Transcribe all the records with complete accuracy.

+---+

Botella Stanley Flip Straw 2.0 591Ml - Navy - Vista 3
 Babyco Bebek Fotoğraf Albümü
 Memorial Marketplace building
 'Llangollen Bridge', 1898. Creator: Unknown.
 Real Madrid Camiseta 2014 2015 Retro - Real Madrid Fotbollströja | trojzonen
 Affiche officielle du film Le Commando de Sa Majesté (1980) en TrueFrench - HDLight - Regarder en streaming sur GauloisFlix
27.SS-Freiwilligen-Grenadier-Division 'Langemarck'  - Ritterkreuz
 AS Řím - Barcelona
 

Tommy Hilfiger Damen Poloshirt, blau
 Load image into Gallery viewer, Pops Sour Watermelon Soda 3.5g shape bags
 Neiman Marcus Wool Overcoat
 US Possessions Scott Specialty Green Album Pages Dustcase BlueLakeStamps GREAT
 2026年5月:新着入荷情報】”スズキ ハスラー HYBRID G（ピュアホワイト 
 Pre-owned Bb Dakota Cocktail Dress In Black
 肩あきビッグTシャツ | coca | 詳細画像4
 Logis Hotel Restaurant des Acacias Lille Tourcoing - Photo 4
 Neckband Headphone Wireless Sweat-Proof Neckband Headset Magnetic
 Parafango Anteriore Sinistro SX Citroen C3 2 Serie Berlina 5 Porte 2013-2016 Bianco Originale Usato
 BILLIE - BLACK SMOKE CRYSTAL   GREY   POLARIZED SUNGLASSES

+---+

*Task result*:
Botella Stanley Flip Straw 2.0 591Ml - Navy - Vista 3
 Babyco Bebek Fotoğraf Albümü
 Memorial Marketplace building
 'Llangollen Bridge', 1898. Creator: Unknown.
 Real Madrid Camiseta 2014 2015 Retro - Real Madrid Fotbollströja | trojzonen
 Affiche officielle du film Le Commando de Sa Majesté (1980) en TrueFrench - HDLight - Regarder en streaming sur GauloisFlix
27.SS-Freiwilligen-Grenadier-Division 'Langemarck'  - Ritterkreuz
 AS Řím - Barcelona
 

Tommy Hilfiger Damen Poloshirt, blau
 Load image into Gallery viewer, Pops Sour Watermelon Soda 3.5g shape bags
 Neiman Marcus Wool Overcoat
 US Possessions Scott Specialty Green Album Pages Dustcase BlueLakeStamps GREAT
 2026年5月:新着入荷情報】”スズキ ハスラー HYBRID G（ピュアホワイト 
 Pre-owned Bb Dakota Cocktail Dress In Black
 肩あきビッグTシャツ | coca | 詳細画像4
 Logis Hotel Restaurant des Acacias Lille Tourcoing - Photo 4
 Neckband Headphone Wireless Sweat-Proof Neckband Headset Magnetic
 Parafango Anteriore Sinistro SX Citroen C3 2 Serie Berlina 5 Porte 2013-2016 Bianco Originale Usato
 BILLIE - BLACK SMOKE CRYSTAL   GREY   POLARIZED SUNGLASSES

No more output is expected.